“The irgalisteroi?”
“Yes. Proiarchis, it may have been whom they invoked. Or Remmer, more likely. I came in just as it was ending. I heard the screams: the most terrible cries of agony, they were, and there was the sound of the atmosphere collapsing around them – it is like thunder, you know, thunder right there in the room. The air grows dark. The whole world seems to shake. The sky itself is split apart. I opened the door and found that the two men had already been carried off. If I had arrived any sooner, I would have died with them.”
“You will pardon me, father,” I said, “but I am only a merchant of Sisivondal, a plain worldly man, and I know nothing of supernatural matters. Proiarchis, Remmer, irgalisteroi – these names are only names to me.”
“Ah,” he said again. “Of course.”
And he told me. There are, he explained, three classes of demons. That was the word he used, demons, and what he meant by it was the inhabitants of the invisible world, a concept that seemed not to have any fantastical connotations for him: he accepted without the least hint of skepticism the presence of unknown and unknowable worlds immediately adjacent to our own. These demons were the original prehistoric inhabitants of our planet, before even the Shapeshifters had come here. In ancient times the Shapeshifters had mastered them, though, confining them under powerful spells. The valisteroi, he said, were a group that had somehow escaped those spells and live now beyond the sphere of the sun, invulnerable to all conjuring. The kallisteroi, who dwell between the sky and the Great Moon and have a certain degree of freedom of action, are sympathetic to us and will sometimes agree to do services for us when properly asked by the adept; in any case they never do harm. And then there are the irgalisteroi, the demons of the subterranean world, who can be compelled to perform many duties, but who are angry, dangerous beings entirely capable of turning on an unskillful summoner and destroying him.

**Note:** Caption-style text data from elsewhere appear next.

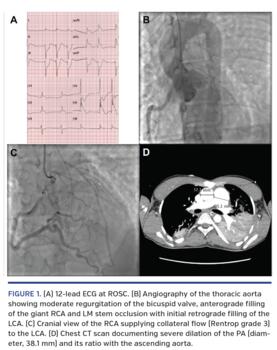 (A) 12-lead ECG at ROSC. (B) Angiography of the thoracic aorta showing moderate regurgitation of the bicuspid valve, anterograde filling of the giant RCA and LM stem occlusion with initial retrograde filling of the LCA. (C) Cranial view of the RCA supplying collateral flow (Rentrop grade 3) to the LCA. (D) Chest CT scan documenting severe dilation of the PA (diameter, 38.1 mm) and its ratio with the ascending aorta.
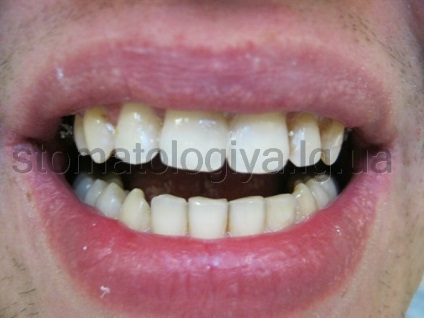 Rezultatele alinierii dinților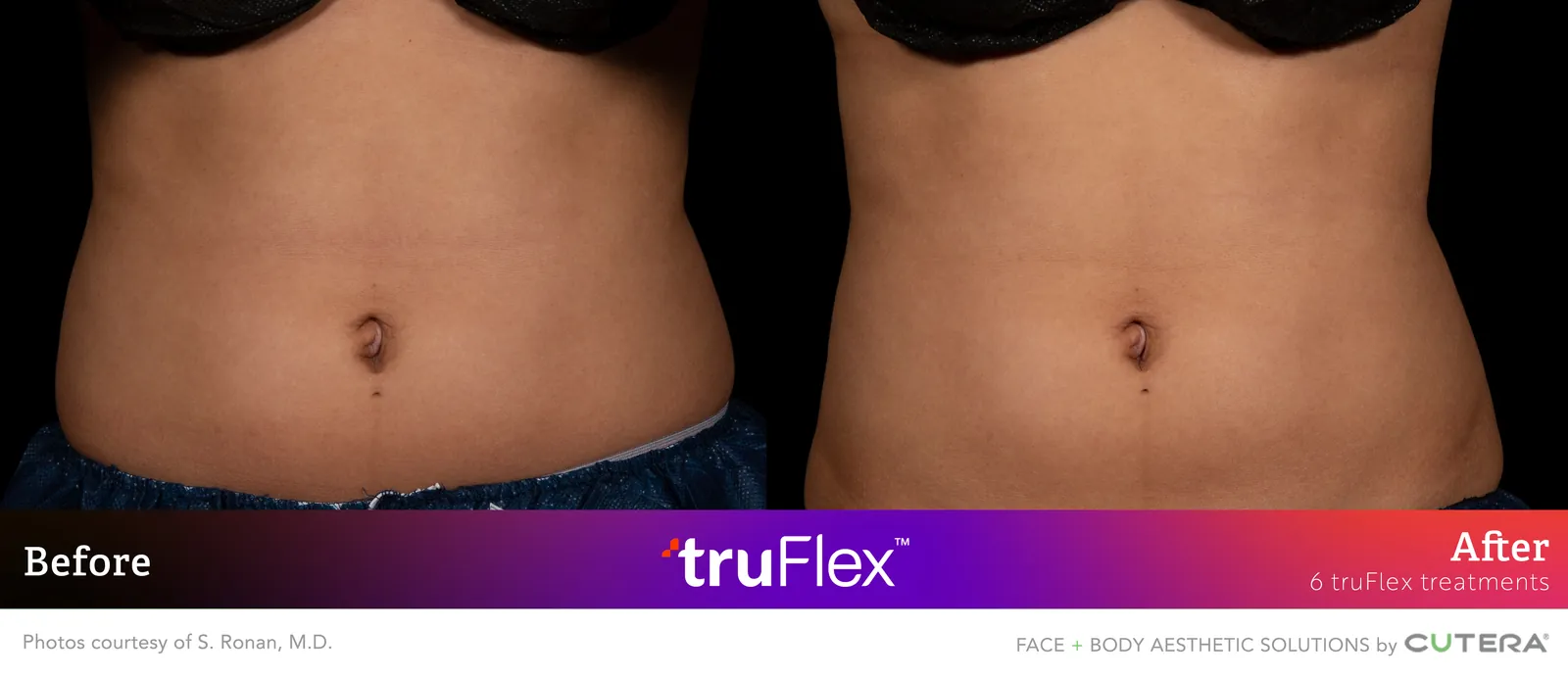 Before and after 6 truFlex treatments, Cutera truFlex manufacturer clinical photo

It says much for the spiritual force that lay behind this saintly man’s mild demeanor and the incantatory power of his gentle voice that I was able to accept as factual data, for the moment, all that he was telling me about these various categories of nonexistent phantoms. As he spoke I went leaping ahead of him to the conclusion that Ambithorn and Flurivole, perhaps as a drunken irresponsible prank or possibly with the wild hope of discovering that the irgalisteroi actually were real and could be commanded to heap them with riches, had incautiously brought some potent demon out of the land of the invisible, using a borrowed spell, but had not been able to control it. Not only didn’t I doubt his belief in such entities, I think I felt, just for the moment, under the irresistible strength of his incandescent sincerity, some belief in them myself.
“I can give you a glimpse of them,” he said. “I would prefer not to meddle with Remmer or Proiarchis myself, though if I brought them here they might confirm what I have told you of your brother-in-law’s end. But I can call up for you some of the less dangerous spirits, if you are curious about such things: Minim, say, who restores lost knowledge, or Ruhid, who brings relief from fever. Theddim, if you wish, who can control the coursing of the blood through our hearts—”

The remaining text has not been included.